** PROVIDED RECORDS follows **
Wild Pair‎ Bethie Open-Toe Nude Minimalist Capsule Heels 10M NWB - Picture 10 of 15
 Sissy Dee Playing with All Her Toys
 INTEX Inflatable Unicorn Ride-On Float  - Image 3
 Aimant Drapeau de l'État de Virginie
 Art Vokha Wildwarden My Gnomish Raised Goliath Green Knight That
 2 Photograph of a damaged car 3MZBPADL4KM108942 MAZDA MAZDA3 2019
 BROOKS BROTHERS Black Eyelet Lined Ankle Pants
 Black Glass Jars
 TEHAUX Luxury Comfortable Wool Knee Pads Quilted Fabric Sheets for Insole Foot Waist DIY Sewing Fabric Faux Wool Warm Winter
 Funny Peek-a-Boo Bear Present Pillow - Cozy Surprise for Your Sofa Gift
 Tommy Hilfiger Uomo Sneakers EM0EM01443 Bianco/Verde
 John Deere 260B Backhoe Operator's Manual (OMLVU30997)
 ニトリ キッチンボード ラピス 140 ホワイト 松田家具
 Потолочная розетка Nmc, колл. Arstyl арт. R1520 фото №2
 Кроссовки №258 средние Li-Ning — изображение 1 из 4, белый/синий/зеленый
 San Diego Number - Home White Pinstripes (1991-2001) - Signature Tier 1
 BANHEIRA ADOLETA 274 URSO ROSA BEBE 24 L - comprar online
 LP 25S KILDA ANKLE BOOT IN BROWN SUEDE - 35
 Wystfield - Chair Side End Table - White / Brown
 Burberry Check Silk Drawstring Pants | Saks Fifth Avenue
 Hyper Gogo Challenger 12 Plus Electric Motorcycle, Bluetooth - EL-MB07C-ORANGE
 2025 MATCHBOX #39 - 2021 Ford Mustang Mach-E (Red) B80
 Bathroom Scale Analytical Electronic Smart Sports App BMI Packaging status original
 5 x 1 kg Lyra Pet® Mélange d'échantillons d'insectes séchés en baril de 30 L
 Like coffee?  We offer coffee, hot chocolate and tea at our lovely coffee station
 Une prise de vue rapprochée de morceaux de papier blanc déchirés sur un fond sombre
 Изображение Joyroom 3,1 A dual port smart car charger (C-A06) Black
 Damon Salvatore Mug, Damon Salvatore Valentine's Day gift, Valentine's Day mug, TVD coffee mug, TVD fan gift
** End of PROVIDED RECORDS **
Give all the entries again exactly; leave none out.

▶ [PROBLEM SOLUTION]:
Wild Pair‎ Bethie Open-Toe Nude Minimalist Capsule Heels 10M NWB - Picture 10 of 15
 Sissy Dee Playing with All Her Toys
 INTEX Inflatable Unicorn Ride-On Float  - Image 3
 Aimant Drapeau de l'État de Virginie
 Art Vokha Wildwarden My Gnomish Raised Goliath Green Knight That
 2 Photograph of a damaged car 3MZBPADL4KM108942 MAZDA MAZDA3 2019
 BROOKS BROTHERS Black Eyelet Lined Ankle Pants
 Black Glass Jars
 TEHAUX Luxury Comfortable Wool Knee Pads Quilted Fabric Sheets for Insole Foot Waist DIY Sewing Fabric Faux Wool Warm Winter
 Funny Peek-a-Boo Bear Present Pillow - Cozy Surprise for Your Sofa Gift
 Tommy Hilfiger Uomo Sneakers EM0EM01443 Bianco/Verde
 John Deere 260B Backhoe Operator's Manual (OMLVU30997)
 ニトリ キッチンボード ラピス 140 ホワイト 松田家具
 Потолочная розетка Nmc, колл. Arstyl арт. R1520 фото №2
 Кроссовки №258 средние Li-Ning — изображение 1 из 4, белый/синий/зеленый
 San Diego Number - Home White Pinstripes (1991-2001) - Signature Tier 1
 BANHEIRA ADOLETA 274 URSO ROSA BEBE 24 L - comprar online
 LP 25S KILDA ANKLE BOOT IN BROWN SUEDE - 35
 Wystfield - Chair Side End Table - White / Brown
 Burberry Check Silk Drawstring Pants | Saks Fifth Avenue
 Hyper Gogo Challenger 12 Plus Electric Motorcycle, Bluetooth - EL-MB07C-ORANGE
 2025 MATCHBOX #39 - 2021 Ford Mustang Mach-E (Red) B80
 Bathroom Scale Analytical Electronic Smart Sports App BMI Packaging status original
 5 x 1 kg Lyra Pet® Mélange d'échantillons d'insectes séchés en baril de 30 L
 Like coffee?  We offer coffee, hot chocolate and tea at our lovely coffee station
 Une prise de vue rapprochée de morceaux de papier blanc déchirés sur un fond sombre
 Изображение Joyroom 3,1 A dual port smart car charger (C-A06) Black
 Damon Salvatore Mug, Damon Salvatore Valentine's Day gift, Valentine's Day mug, TVD coffee mug, TVD fan gift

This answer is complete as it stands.